Back to 8400 support
Break opens a test of 8300
8600 caps the upside

The kiwi correction too the pair all the way to 8400 and a break there opens a run to 8300 while 8600 caps the upside.

2. USD/JPY – Japanese Purchases of Foreign Bonds

FUNDAMENTALS
MoF Data on Japan Buying Foreign Bonds expected @ (7:50 PM ET / 23:50 GMT)
Our View – Neutral
Reason – Neutral
If Purchases exceed 100B = Buy USD/JPY
If Purchases are -100B or lower = Sell USD/JPY

An essential criteria for a resumption of the USD/JPY rally is Japanese purchases of foreign bonds. While this data has become very important it is unfortunately difficult to handicap. The only opportunity to trade this data is reactively. Given the recent U.S. fiscal debt troubles, Japanese investors could have cut their demand for Treasuries. If Japanese purchases exceed 100B, USD/JPY can be bought for a move higher. If the Japanese investors sold -100B worth of foreign bonds or more, USD/JPY can be sold. REACTIVE TRADE

TECHNICALS

97.00 holds
96.50-97.00 key support
98.00 now resistance

USD/JPY slide stopped short of the 97.00 level and the 96.50-97.00 corridor is a key support level for the pair while 98.00 is now resistance.

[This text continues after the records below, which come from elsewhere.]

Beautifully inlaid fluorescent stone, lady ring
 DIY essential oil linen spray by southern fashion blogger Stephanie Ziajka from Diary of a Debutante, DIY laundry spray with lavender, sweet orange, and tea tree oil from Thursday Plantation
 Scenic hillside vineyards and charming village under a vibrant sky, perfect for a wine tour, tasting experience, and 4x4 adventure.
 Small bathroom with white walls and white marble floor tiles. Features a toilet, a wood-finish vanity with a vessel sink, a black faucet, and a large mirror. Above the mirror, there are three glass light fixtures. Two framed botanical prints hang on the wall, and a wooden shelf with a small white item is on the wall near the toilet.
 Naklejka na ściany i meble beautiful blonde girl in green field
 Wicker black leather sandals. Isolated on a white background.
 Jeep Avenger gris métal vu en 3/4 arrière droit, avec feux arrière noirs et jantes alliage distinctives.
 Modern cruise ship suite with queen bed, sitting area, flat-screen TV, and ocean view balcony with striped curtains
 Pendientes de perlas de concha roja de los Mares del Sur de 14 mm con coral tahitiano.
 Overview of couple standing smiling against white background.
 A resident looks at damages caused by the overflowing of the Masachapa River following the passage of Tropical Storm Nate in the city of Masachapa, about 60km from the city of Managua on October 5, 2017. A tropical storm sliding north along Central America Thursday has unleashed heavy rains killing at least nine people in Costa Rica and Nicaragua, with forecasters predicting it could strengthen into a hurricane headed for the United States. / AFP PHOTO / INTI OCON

3. AUD/USD – Chinese Flash PMI

FUNDAMENTALS
HSBC Flash PMI expected @ 50.4 (9:45 PM ET / 1:45 GMT)
Our View – Neutral
Reason – Neutral
If the PMI index exceeds 50.8 = Buy AUD/USD
If the PMI index is less than 50 = Sell AUD/USD

Chinese manufacturing PMI numbers can have a big impact on the AUD because China is Australia’s number one trade partner. Given the vulnerability of the AUD rally, the currency can be particularly sensitive to incoming data. Since Chinese economic reports are difficult to handicap, we feel they are best traded reactively. If the PMI index exceeds 50.8, meaning that Chinese manufacturing activity increased, the AUD/USD can be bought for a recovery trade. If the index drops below 50 on the other hand, the AUD/USD can be sold for a more aggressive move lower. REACTIVE TRADE

TECHNICALS

Bearish engulfing points lower
9600 key hold
Break opens run to 9500

The Aussie turned in a very bearish engulfing candle on the dailies suggesting that the pair could slide lower with 9600 break opening up a retest of the 9500 level.

4. EUR/USD – Eurozone PMIs

FUNDAMENTALS
Eurozone Composite PMI expected @ 52.4 (4 AM ET / 8 GMT)
Our View – Bullish EUR
Reason – Stronger ZEW, Industrial Production and Factory Orders
If the PMI index exceeds 52.8 = Buy EUR/USD
If the PMI index is less than 52 = Sell EUR/USD

We have good reasons to believe that the Eurozone PMI index could surprise to the upside given the rise in industrial production and factory orders. Therefore we feel that the data can be traded proactively or reactively. For those who choose to wait, if the PMI index exceeds 52.8, the EUR/USD can be bought for a move higher. If the index drops below 52.0, the EUR/USD can be sold. PROACTIVE or REACTIVE TRADE

TECHNICALS

3800 still caps
Bullish bias in tact
3700 near term support

Euro has held up well today preserving its bullish bias in tact. 3800 still caps the upside while 3700 is now the near term support

5. USD/JPY – U.S. Trade Balance

FUNDAMENTALS
Trade Balance expected @ -$39.4B (8:30 AM ET / 12:30 GMT)
Our View – Bullish USD
Reason – Stronger ISM Manufacturing
If the Trade deficit is -$35 or smaller = Buy USD/JPY
If the Trade Deficit is -$42B or higher = Sell USD/JPY

We have good reasons to believe that the U.S. trade balance narrowed in August because manufacturing activity expanded and exports increased. Therefore we believe the trade balance report can be traded proactively or reactively. For those who choose to wait, if the Trade Deficit is -$35B or smaller, USD/JPY can be bought for a move higher. If the Trade Deficit is -$43B or larger, USD/JPY can be sold. PROACTIVE or REACTIVE TRADE

TECHNICALS

97.00 holds
96.50-97.00 key support
98.00 now resistance

USD/JPY slide stopped short of the 97.00 level and the 96.50-97.00 corridor is a key support level for the pair while 98.00 is now resistance.